39. Hypen [ - ] Part-1

15 4 0
                                    

 Agni mengingat dengan jelas kalau Pendar bilang bahwa proyek ini akan berjalan selama dua bulan, setidaknya. Selama itu, dia akan menelepon Agni untuk direkam sekali sepekan. Sisanya, beberapa malam dalam seminggu, mereka bicara banyak hal lain yang tidak ada hubungannya dengan proyek itu. Namun malam ini, Pendar menceritakan bahwa dua episod dari sembilan yang mereka—Pendar dan Oki—rencanakan, sudah siap rilis. Agni senang mendengarnya walaupun dia tidak suka dengan kalimat Pendar selanjutnya.

"Tapi, apps-nya belum jadi, aku sama Oki harus lembur buat ngoding."

"Lembur, Nda?" tanya Agni. Dia tahu apa yang akan dikatakan selanjutnya, tetapi dia ingin Pendar sendiri yang mengucapkannya.

"Iya. Jadi ... yah, bisa jadi aku enggak akan bisa bicara denganmu beberapa hari ke depan," ucap Pendar, persis seperti yang diperkirakan Agni.

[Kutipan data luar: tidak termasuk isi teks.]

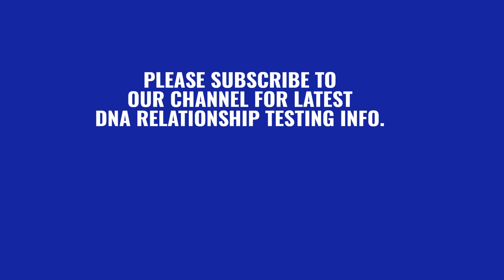Please subscribe to our channel for the latest DNA relationship testing information by clicking the subscribe button below.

Agni mencoba membawa pembicaraan itu ke arah lain. Di pun bertanya, "Bagaimana aku bisa mendengarkan hasil pekerjaan kalian? Kalau dari penjelasanmu, sepertinya enggak perlu radio, ya?"

"Enggak," jawab Pendar, "Tapi, kamu enggak ada komputer, kan, di sana. Jadi ... gimana, ya?"

"Mungkin harusnya aku mulai mempertimbangkan untuk beli komputer, ya."

"Hmmm ... iya. Kamu itu kayak penulis lawas aja, masih pakai mesin tik."

"Masih banyak, kok, penulis yang pakai mesin tik. Rasanya lebih asyik. Suara taktiktuknya itu menyenangkan didengar," ujar Agni membela diri.

Dia membawa pesawat telepon ke balkon agar bisa bicara dengan Pendar sambil melihat pegunungan yang meremang di bawah cahaya bulan yang bulat sempurna. Malam tidak terlampau gelap dan bulan nyaris benderang. Sudah beberapa pekan dia terus-menerus menulis, tidak berhenti sehari pun.

Dia bangun di pagi hari, lalu mulai mengetik sambil menghabiskan kopinya dan menunggu Bi Niken menyiapkan air panas untuk mandi. Lalu dilanjutkan sampai siang hari, sampai dia lapar. Setelah makan, dia akan duduk di ruang tengah, di kursi rotan, sambil mendengarkan lagu-lagu yang diputar dari radio, dan tangannya sibuk merajut. Sore, dia mandi dan bersepeda sampai ke sungai. Menyandarkan sepedanya di pohon yang letaknya dekat dengan jalan raya, lalu berjalan menyusuri aliran sungai itu sampai lelah. Dia kembali menjelang gelap, makan malam, mengetik sebentar sambil menunggu Pendar menghubunginya. Begitu terus setiap hari, dari hari ke hari—kecuali di malam Pendar tidak meneleponnya. Di malam-malam seperti itu, dia akan melanjutkan mengetik sampai tengah malam, lalu tidur dalam keadaan sangat lelah.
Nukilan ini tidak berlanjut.